I’m reclining on some sort of gynecological chair raised up to waist height. My feet are locked into metal stirrups. My hands, I now realize, are bound tightly underneath the headrest, with rope that scratches and burns against my wrists. I’m gagged by a red cloth. My field of vision restricted by the few inches I’m able to turn and lift my head.

I feel utterly helpless. But I don’t panic. My mind is sharp and clear, buzzing with adrenaline and wiped free of emotion. Resistance, I decide, is useless. Resistance, I think, might make things worse.

Three women, the figures I saw, flutter and swoop around me like birds. They wear egg‑shaped hoods made of black chiffon, cut open in a downward curve from the tip of the nose, with eyeholes the size of silver dollars. And matching caped boleros hemmed by a leather halter that runs along the chest and under the arms, leaving their breasts exposed.

One of the women produces a pair of shears and, in one quick fluid movement from neck to hem, snips the dress from my body. I feel the cold steel of the blade as a drip of ice water running from my neck to my belly. The fabric drops like a magician’s curtain. My pale white skin is rose‑flushed from the heat. Next, my panties are snipped at the hips. The embarrassment I feel at being exposed makes me squirm.
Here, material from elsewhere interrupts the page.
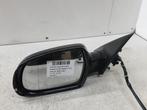 RETROVISEUR EXTERIEUR GAUCHE Audi A4 Avant Quattro (B8), Mevr. I. Hauben, Audi, Utilisé, Rue de l'Espoir 34 34
4030  GRIVEGNÉE, BE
The first woman falls back. Two others move in to take her place, as if the whole thing has been choreographed for my benefit. One rouges my nipples, applying color with lipstick, rubbing and pinching to smooth it out, leaving them a deep crimson red that reminds me of the brilliant autumnal shades of the oak trees that flame against the silver‑blue sky during my early evening walks in the park.

The other uses a pin brush, the kind used to groom dogs, to comb the tight curls of hair between my legs. As the metal rakes my skin, blood rushes to my head and makes me dizzy.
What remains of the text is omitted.